- Jordan calls franc overvalued, repeates intervention pledge
- Central bank president rejects idea of sovereign wealth fund
Swiss National Bank President Thomas Jordan said he’s keeping tabs on actions taken by his counterparts in the euro area and doesn’t see the risk of a currency war even as more stimulus looms.
“We observe clearly what’s happening in Frankfurt,” where the European Central Bank is based, Jordan said at the Geneva press club on Tuesday. “We will analyze exactly what will be the best response for the SNB.”
Since abolishing its cap of 1.20 per euro on the franc in January 2015, the SNB has adopted a twin-pillar policy of a negative deposit rate and a pledge to intervene in currency markets if necessary.
The franc, which soared when the move was announced, has since pared some of those gains against the common currency, and it stood at 1.11504 per euro at 1:34 p.m. on Tuesday -- near the weakest in more than a year. Yet new stimulus that the ECB seems poised to unleash could reverse the trend. That could mean Swiss policy makers might have to cut rates further below zero in response.
“I do not believe that at the moment we’re really at the risk of currency war,” Jordan said.

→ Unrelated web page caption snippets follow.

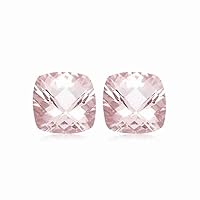 5.35-5.46 Cts of 9 mm AAA Cushion Checkered Mozambique Morganite (2 pcs) Loose Gemstone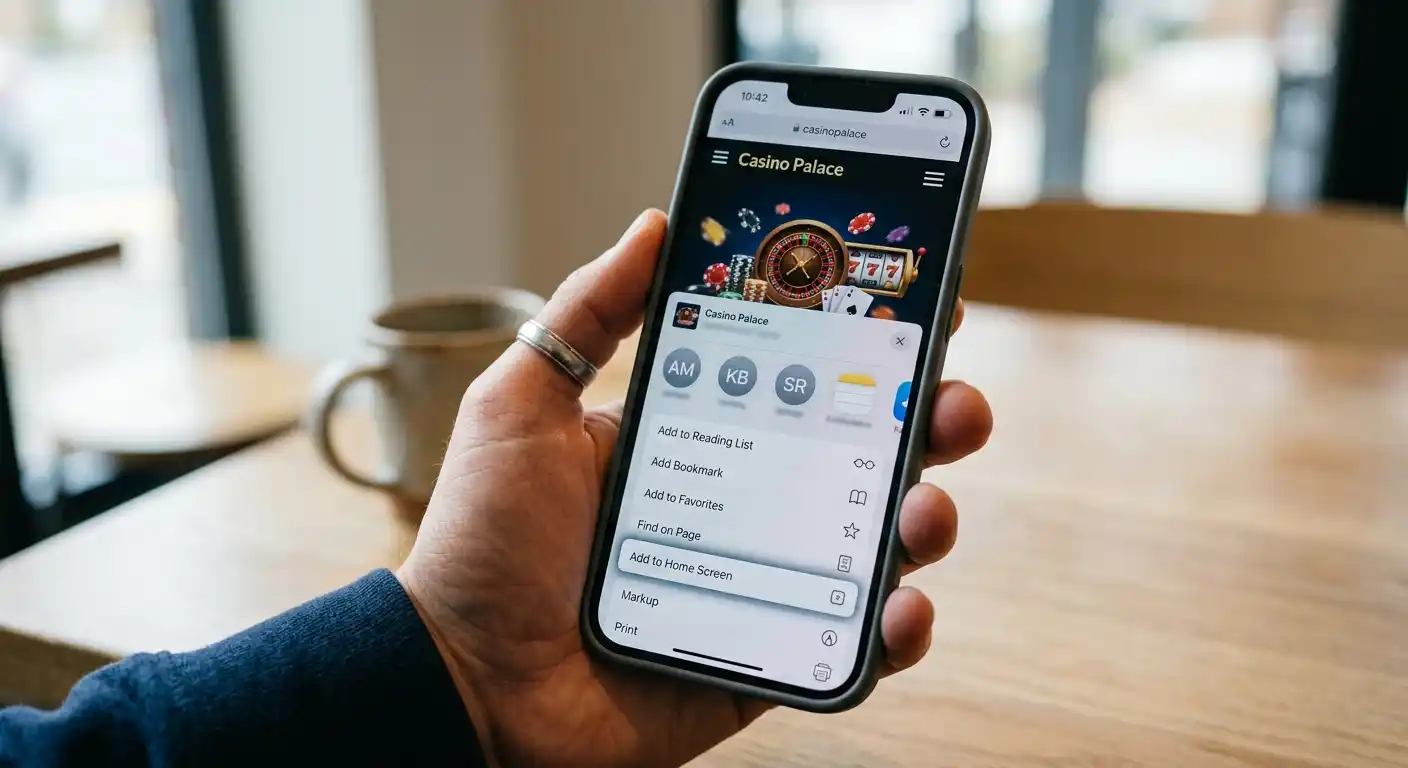 iPhone mit Safari-Browser zeigt „Zum Home-Bildschirm" Funktion für Casino-Website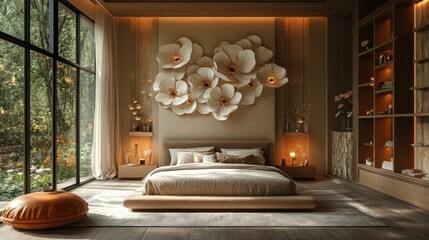 Serene Bedroom Oasis: Luxurious Modern Design with Floral Wall Art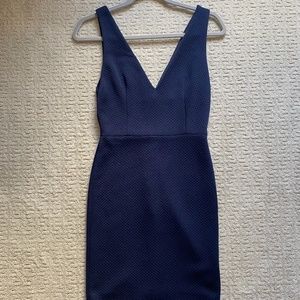 Alice + Olivia Navy V-Neck Dress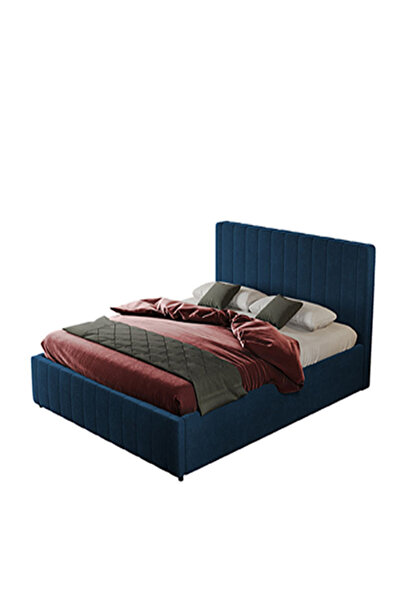 Conforto.ro Maldive upholstered double bed, wooden frame and palladium, blue, with fixed slatted base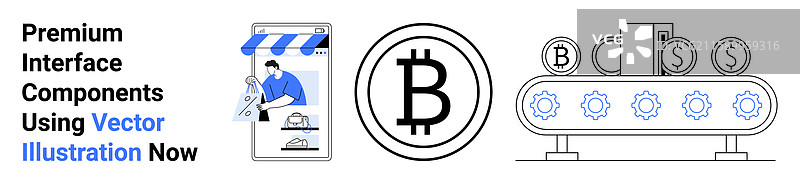 数字商务创新与加密货币图片素材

Central banks were taking action due to domestic conditions, and if the latter improve “it can also benefit other countries,” he said, declining to comment whether the SNB had intervened in the past few weeks.
The Bank of Japan recently joined a growing club of central banks -- which also includes the ECB -- taking the once-anathema step of pushing some interest rates beneath zero in a bid to ignite inflation.
“We’re convinced the franc remains overvalued and that’s why our monetary policy is designed to reduce the pressure on the Swiss franc with these two pillars -- negative interest rates and the willingness to intervene in currency markets if necessary,” Jordan said. He declined to specify how much the franc is overvalued.
Jordan also rejected the idea that the SNB should transfer its immense foreign-currency holdings -- 560 billion francs ($550 billion) at the end of 2015 -- to a sovereign wealth fund, saying they were the result of its interventions rather than national income.